Task statement :: Your answer must restate the listing below word for word and contain no images.

Dataset content ::
————————
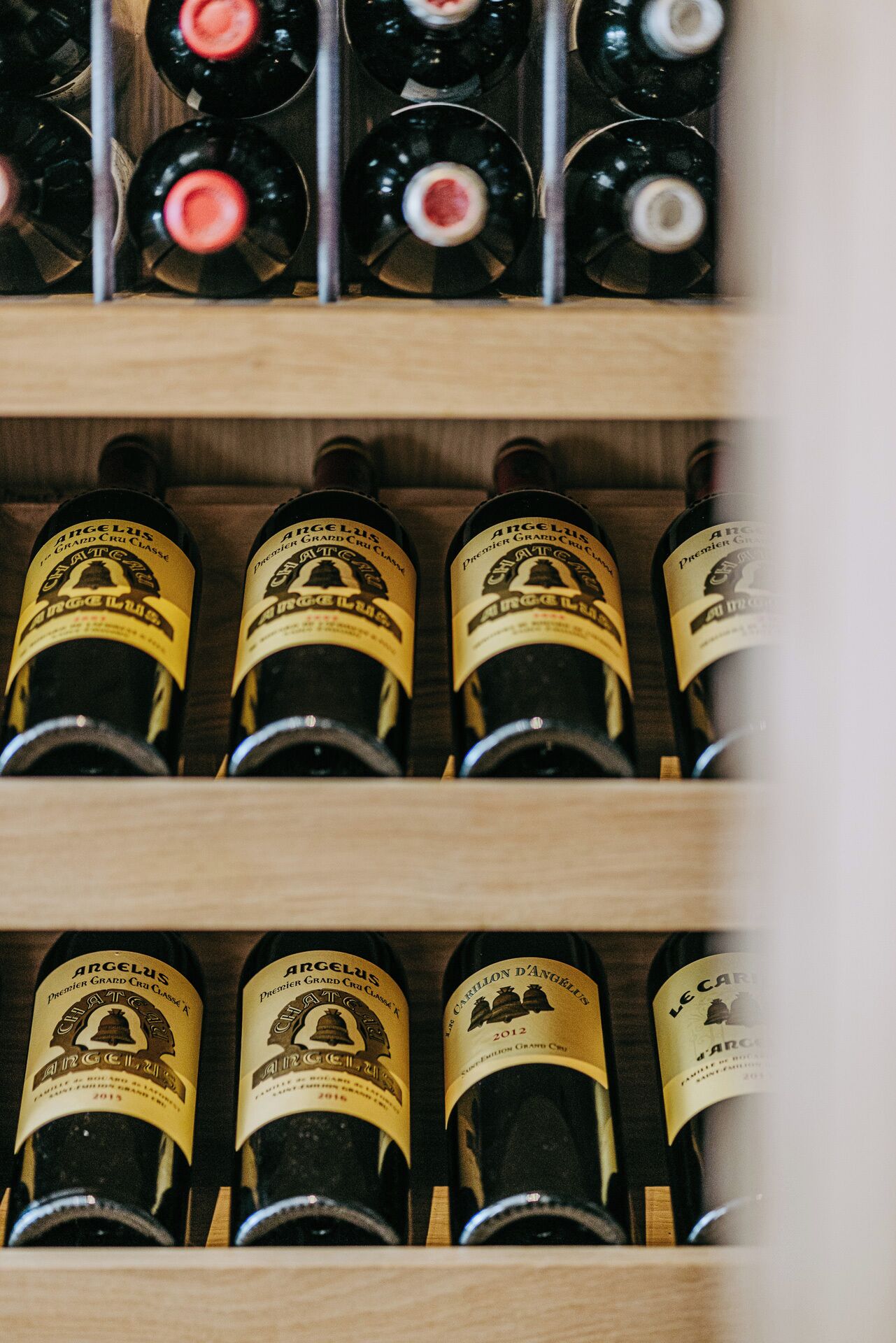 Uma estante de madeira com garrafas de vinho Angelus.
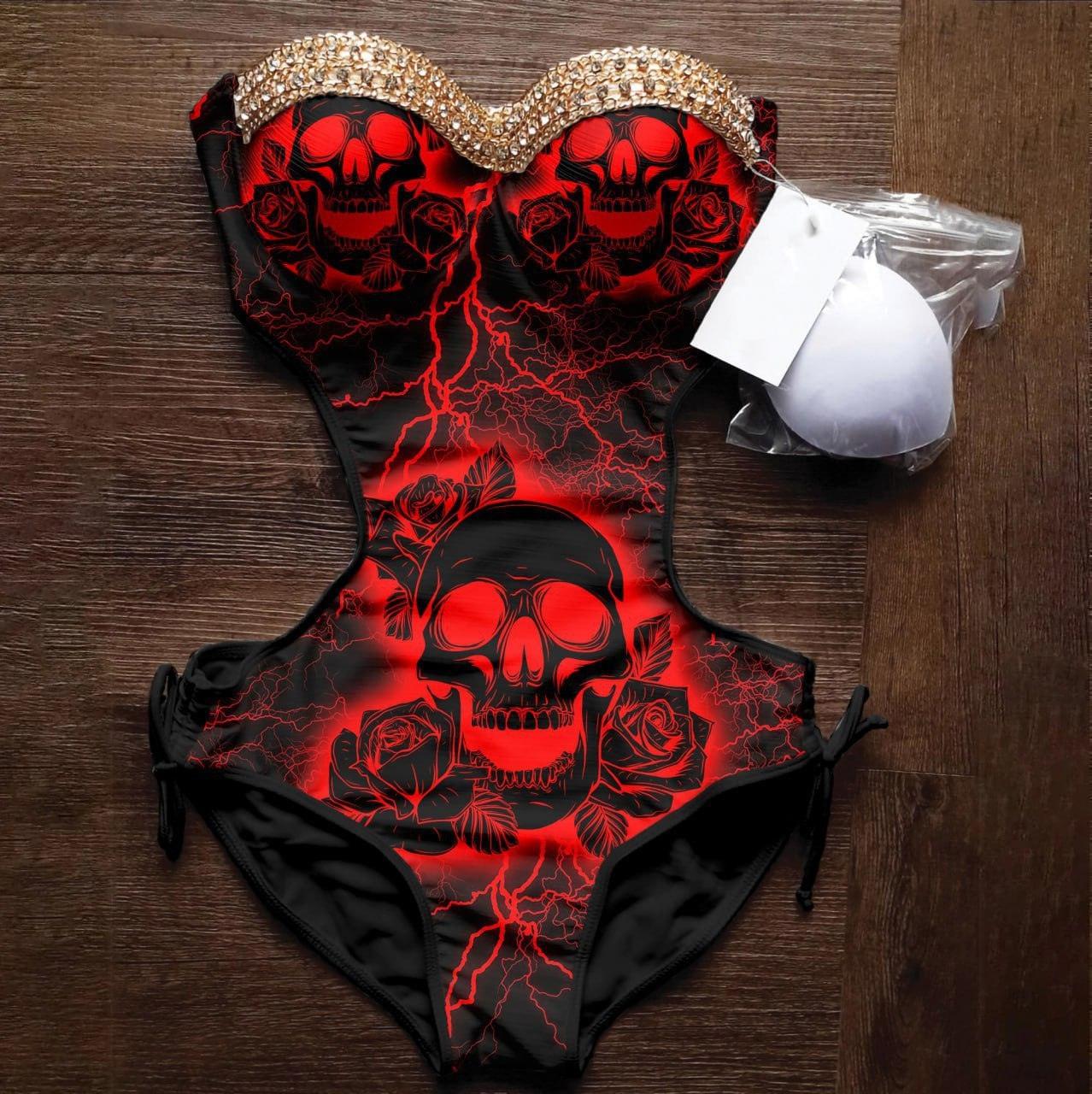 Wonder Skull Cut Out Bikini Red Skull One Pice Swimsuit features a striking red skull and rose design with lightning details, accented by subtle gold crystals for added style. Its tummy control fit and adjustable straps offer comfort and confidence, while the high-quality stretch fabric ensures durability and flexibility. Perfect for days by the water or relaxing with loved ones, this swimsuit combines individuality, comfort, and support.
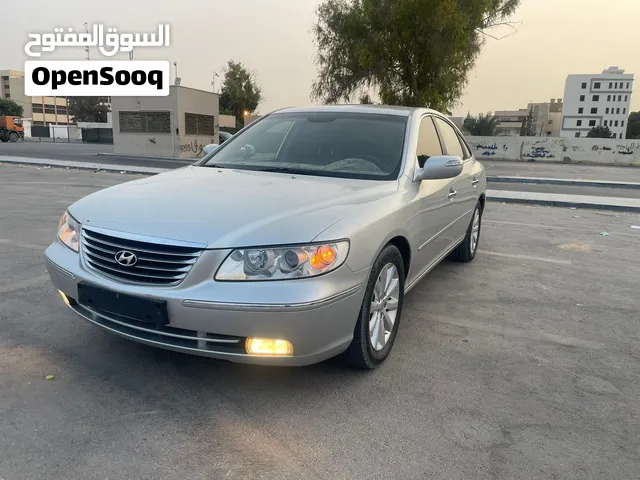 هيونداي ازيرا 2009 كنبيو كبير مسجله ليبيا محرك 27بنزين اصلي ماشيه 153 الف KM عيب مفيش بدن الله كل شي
————————
Output for this task ::
 Uma estante de madeira com garrafas de vinho Angelus.
 Wonder Skull Cut Out Bikini Red Skull One Pice Swimsuit features a striking red skull and rose design with lightning details, accented by subtle gold crystals for added style. Its tummy control fit and adjustable straps offer comfort and confidence, while the high-quality stretch fabric ensures durability and flexibility. Perfect for days by the water or relaxing with loved ones, this swimsuit combines individuality, comfort, and support.
 هيونداي ازيرا 2009 كنبيو كبير مسجله ليبيا محرك 27بنزين اصلي ماشيه 153 الف KM عيب مفيش بدن الله كل شي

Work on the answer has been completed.